『ひつじのショーン〜バック・トゥ・ザ・ホーム〜』
先日、映画『ひつじのショーン〜バック・トゥ・ザ・ホーム〜』を見た。
見た後でツイッターで少々つぶやいたのだが、ツイッターの性質上、後からトピックだけ見返すのが骨なので、ブログにも感想をのせておく。
牧場で毎日決まった暮らしを送るひつじのショーンと仲間たちは、牧場主を眠らせてバカンスを楽しもうとするのだが、眠った牧場主をのせたままトレーラーは大きな街に行ってしまう。牧場主抜きでは食事もままならない動物たち。ショーンと羊たちは牧場主を探しに街へ向かう。

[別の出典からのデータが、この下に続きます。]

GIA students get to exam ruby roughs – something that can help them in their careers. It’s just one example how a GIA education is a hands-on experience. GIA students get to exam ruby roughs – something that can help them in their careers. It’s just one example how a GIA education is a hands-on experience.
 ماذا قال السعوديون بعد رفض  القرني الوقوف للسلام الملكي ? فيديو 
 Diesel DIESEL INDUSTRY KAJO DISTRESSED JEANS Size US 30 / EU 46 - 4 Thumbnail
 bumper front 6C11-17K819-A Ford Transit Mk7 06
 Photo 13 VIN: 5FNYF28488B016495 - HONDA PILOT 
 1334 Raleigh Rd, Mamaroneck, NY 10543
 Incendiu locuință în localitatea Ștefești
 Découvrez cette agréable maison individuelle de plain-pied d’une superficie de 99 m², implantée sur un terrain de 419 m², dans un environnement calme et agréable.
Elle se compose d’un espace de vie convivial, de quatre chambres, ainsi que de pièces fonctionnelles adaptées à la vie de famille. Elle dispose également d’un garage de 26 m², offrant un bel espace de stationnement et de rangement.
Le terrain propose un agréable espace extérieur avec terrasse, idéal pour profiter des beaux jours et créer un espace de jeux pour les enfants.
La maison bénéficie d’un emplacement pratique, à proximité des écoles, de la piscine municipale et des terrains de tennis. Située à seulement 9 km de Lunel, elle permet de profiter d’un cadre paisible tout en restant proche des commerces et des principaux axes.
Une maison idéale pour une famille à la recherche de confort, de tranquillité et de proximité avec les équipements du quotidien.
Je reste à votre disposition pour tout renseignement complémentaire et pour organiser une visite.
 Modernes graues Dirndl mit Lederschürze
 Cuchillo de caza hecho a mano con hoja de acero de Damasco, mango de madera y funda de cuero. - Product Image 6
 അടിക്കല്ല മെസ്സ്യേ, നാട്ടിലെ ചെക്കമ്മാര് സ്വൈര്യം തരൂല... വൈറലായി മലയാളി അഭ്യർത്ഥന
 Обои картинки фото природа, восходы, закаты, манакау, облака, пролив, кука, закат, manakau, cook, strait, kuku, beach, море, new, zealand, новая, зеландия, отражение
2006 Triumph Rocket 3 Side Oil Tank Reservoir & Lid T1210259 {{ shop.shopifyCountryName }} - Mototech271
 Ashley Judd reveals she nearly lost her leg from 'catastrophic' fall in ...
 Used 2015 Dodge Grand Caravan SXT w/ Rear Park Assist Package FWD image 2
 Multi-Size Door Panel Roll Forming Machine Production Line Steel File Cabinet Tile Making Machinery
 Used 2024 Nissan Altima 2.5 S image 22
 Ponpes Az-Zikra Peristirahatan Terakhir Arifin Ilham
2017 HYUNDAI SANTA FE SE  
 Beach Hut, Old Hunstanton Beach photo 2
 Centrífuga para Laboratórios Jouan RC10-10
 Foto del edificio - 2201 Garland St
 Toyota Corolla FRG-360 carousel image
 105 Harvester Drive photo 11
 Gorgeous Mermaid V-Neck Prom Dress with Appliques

なんと、やっと見つけた牧場主は記憶喪失になっていた!はたしてショーンたちは元の暮らしに戻ることができるのか……。
この映画は同名のテレビアニメ(クレイ・アニメーション)の映画化で、テレビ版は日本のEテレでも放送されている。キャラクターの姿かたちがかわいらしく、筋書きがシンプルで、セリフがなく動きだけでストーリーを伝え、笑わせるこのシリーズは大変洗練されている。ぼくはなんとかかんとか時間を作って、毎週のように見ているが飽きない。動物はおろか人間も、テレビの前の人間にわかる言葉を話さない点は映画でも踏襲されている。したがって普段テレビでおなじみの観客にとっても、いつもの『ひつじのショーン』を見ている気分で映画の世界に入っていけるのだ。羊たちが牧場のおじさんを眠らせて、おじさんをのせたままトレーラーが動いてしまい、牧羊犬のビッツァーが慌てて追いかけていくくだりは、そこまでのお話としてテレビ版にあってもおかしくないエピソードだ。いつものショーンから大冒険につながっていくので、見ていてわくわくしっぱなしだったよ。
テレビ版に親しんでいるぼくにとって驚きだったのは、ショーンたちの農場と、大きな街が予告編やテレビで見るよりも近かったところである。テレビでは牧場のおじさんはしょっちゅう買い物や通販をするし、ピザのデリバリーもやってくる。でもテレビに出てくる街はそれほど都会だという描写はなかった。たぶん大都会の郊外のちょっとした商業地区がテレビに出てくるあたりで、牧場はそこからさらに離れた田園地帯なのだろう。個人的感覚では、ショーンの農場は結構都会に近くて便利なところにある。ぼくは地域の中心都市から山ひとつふたつ離れたところで育ったので……(映画でたとえるなら、80年代に『スタンド・バイ・ミー』の世界で育ったようなものだ)。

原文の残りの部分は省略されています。